# ACTION ITEM
After finding the line with "carpeted bedroom featuring" in the entries below, retype exactly each line from there through the line with "Multiple brilliant radiant", including that final line.

-------

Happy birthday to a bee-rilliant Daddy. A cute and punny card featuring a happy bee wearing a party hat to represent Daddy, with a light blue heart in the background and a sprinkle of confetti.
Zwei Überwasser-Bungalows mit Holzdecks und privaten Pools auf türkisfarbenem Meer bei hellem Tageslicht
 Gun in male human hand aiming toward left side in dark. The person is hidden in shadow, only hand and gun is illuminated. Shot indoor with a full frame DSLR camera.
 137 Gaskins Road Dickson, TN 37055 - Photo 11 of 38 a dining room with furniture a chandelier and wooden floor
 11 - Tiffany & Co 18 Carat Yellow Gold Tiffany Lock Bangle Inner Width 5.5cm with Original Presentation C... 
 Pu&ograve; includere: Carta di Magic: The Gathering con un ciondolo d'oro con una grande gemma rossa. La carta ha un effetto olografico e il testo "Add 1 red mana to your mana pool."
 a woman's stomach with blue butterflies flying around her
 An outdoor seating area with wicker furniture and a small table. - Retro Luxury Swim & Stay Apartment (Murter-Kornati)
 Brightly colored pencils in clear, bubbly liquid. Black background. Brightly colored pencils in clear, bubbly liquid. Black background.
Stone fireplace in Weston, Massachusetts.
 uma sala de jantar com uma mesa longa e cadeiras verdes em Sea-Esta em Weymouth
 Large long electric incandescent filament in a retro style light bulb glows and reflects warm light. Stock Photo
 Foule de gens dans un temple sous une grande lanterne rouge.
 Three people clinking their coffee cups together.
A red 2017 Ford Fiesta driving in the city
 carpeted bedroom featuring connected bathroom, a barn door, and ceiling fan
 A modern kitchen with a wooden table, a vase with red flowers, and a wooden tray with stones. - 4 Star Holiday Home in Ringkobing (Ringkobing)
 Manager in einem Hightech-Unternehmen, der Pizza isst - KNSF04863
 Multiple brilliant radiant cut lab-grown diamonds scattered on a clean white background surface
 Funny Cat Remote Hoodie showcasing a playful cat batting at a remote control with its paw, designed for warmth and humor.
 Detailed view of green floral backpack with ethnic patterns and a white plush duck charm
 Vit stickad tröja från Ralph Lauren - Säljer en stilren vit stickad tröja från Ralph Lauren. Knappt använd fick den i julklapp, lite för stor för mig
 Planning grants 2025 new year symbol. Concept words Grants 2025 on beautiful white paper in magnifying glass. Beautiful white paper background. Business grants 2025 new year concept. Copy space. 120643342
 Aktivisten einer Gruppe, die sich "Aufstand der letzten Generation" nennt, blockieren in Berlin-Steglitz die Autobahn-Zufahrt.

-------

# RESULT BELOW
 carpeted bedroom featuring connected bathroom, a barn door, and ceiling fan
 A modern kitchen with a wooden table, a vase with red flowers, and a wooden tray with stones. - 4 Star Holiday Home in Ringkobing (Ringkobing)
 Manager in einem Hightech-Unternehmen, der Pizza isst - KNSF04863
 Multiple brilliant radiant cut lab-grown diamonds scattered on a clean white background surface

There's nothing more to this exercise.